Optimization. I use AdamW with beta1 = 0.9, beta2 = 0.95, eps = 1e^-8. The learning rate schedule uses 2% warmup, followed by cosine decay to a 0.1x factor of the peak.

(N, D) grid. For efficiency, I use model sizes N = 46M, 109M, 368M and dataset sizes D = 128M, 256M, 512M, 1024M.

(B, \eta) grid. I sweep over batch sizes from 32768 to 2097152 in powers of 2, sweep over learning rates from 0.00012207031 to 0.0078125 in powers of 2^0.5.

Training data. I use the 350B token sample of FineWeb, and the LLaMA-2 tokenizer, which has approximately 32000 vocabulary items including special tokens.

Evaluation. I use 100 held-out batches of size 2097152 tokens for loss evaluation. Evaluation occurs after training has concluded.

Scaling Laws Result

The obtained scaling law, fitted using Akima spline interpolation as per Part VI, is

\(B^{*} = 48.258 D^{0.359}\)

\(\eta^{*} = 0.175 N^{-0.552} D^{0.282}\)

Test Point

At the test point (N, D) = (4.7 * 10^9, 100 * 10^9), this yields a forecasted optimal batch size of 429,110 tokens and a forecasted optimal learning rate of 0.00101400484.

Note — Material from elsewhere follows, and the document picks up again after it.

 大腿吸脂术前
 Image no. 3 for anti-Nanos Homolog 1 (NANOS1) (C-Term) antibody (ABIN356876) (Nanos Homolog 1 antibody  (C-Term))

The empirical optima for the (N, D) pairs used in the fit were not significantly different than previously. If we assume this is also true for our test point, it means the true optimum is still about ~0.0001, same as Part VII. This implies forecast is off by a factor of 10x, which is far worse than the previous 4x.

If anything, this suggests we are actually going the wrong way by adding additional RMSNorms to the architecture—if we want to improve scaling law forecasting accuracy, we may need to use nonparametric RMSNorm instead of adding more parametric RMSNorms.

I could also try using one of the other methods mentioned in Stability Across Time, but I think I better try nonparametric RMSNorm first.

Conclusion

In this post, I tried using the Gemma 3 architecture and independent weight decay.

My belief was that the time evolution of the features was different depending on the layers, as detailed in Stability Across Time, and I hoped that the Gemma 3 architecture could rectify this and thereby standardize the effective learning rate for all layers of the model, perhaps improving hyperparameter scaling law forecasting as a consequence.

In fact, the forecasting quality was not improved, and was in fact much worse. This suggests we are going the wrong way by adding additional parametric RMSNorms and should perhaps try nonparametric RMSNorm next.